Tony’s death and sword return to Japan
The Japanese army at Mili demobilized and the soldiers were repatriated, but Captain Shiga was sent to Majuro and charged with the crime of killing five American crew members who were captured in the ocean after trying to escape from their fallen plane. He was a graduate of Naval Academy in Etajima in Hiroshima, not far from where Tony grew up. Covering for his men, Shiga said, “I gave them an order. All responsibility lies in me, none in them.” And he killed himself like a samurai. Tony was heartbroken as he translated the captain’s words in the trial. At their last farewell, Shiga gave his most treasured sword to Tony, telling him to keep it. Thanks to his actions, the eleven subordinates who had undergone questioning along with him were able to return to Japan without further problems.
After being discharged from the army in January 1946, Tony married a Nisei woman Sueno (English name Jessie) and moved to Hawaii. He treasured the sword that Captain Shiga had given him and kept it at home. Tony felt a deep connection to Shiga, who had not only listened to his request for disarmament but covered up his subordinates’ action. Unfortunately, after the war ended Tony was struck with illness, and he passed away in June 1948, one month before his 33rd birthday, leaving his wife and nine-month-old daughter Shirley behind.
Before he died, Tony told his father that he wanted Shiga’s sword returned to his family. As swords are said to house a warrior’s soul, Tony’s father, Yozo, agreed with this request and after a long time spent searching for Shiga’s family, he arrived in Japan to return the sword to them. At the time, Shiga’s wife, Nobu, was working as a counselor at Wakayama Youth Authority and mother of five children. Yozo met Nobu and her middle-school-student son, Masanobu, at JTB (Japan Travel Bureau) Osaka head office and passed the sword on to Nobu, who gripped onto this memento of her husband tightly as it was finally returned to her.

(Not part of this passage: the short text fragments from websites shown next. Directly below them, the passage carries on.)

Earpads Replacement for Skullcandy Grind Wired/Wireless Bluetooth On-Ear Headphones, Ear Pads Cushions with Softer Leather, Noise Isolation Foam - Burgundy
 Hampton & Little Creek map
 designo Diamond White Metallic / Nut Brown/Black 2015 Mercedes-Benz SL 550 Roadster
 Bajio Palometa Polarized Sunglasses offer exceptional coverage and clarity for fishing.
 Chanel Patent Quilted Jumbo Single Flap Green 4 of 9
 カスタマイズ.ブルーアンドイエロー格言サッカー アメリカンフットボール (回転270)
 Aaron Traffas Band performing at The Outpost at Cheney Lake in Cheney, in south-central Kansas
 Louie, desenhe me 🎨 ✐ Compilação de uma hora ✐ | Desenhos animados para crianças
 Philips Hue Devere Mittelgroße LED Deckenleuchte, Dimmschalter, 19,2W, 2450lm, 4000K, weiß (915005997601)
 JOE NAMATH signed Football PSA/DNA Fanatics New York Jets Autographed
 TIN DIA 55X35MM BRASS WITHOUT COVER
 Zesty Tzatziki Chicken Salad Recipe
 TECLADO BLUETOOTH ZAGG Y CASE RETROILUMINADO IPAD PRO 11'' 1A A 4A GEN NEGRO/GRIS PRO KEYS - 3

This past October my aunt in Hillsboro, Oregon, passed away, and I attended the funeral at the Portland Buddhist Temple. After the funeral I unexpectedly ran into the second son of Hiroshi, Tony’s older brother. It was our first meeting, but when I asked him to tell me about his uncle, the first words out of his mouth were “He is a hero.” Hearing the same thing from him as from his father 50 years ago, my heart was filled yet again with the thought that Tony was indeed an amazing person. “My aunt died but Tony’s daughter is in Denver,” Hiroshi’s son said and gave me her name and telephone number. Someday, I hope that I am able to meet her.
This is a past and present story of an incident that happened 65 years ago in the summer of 1945 on a little island in the Pacific.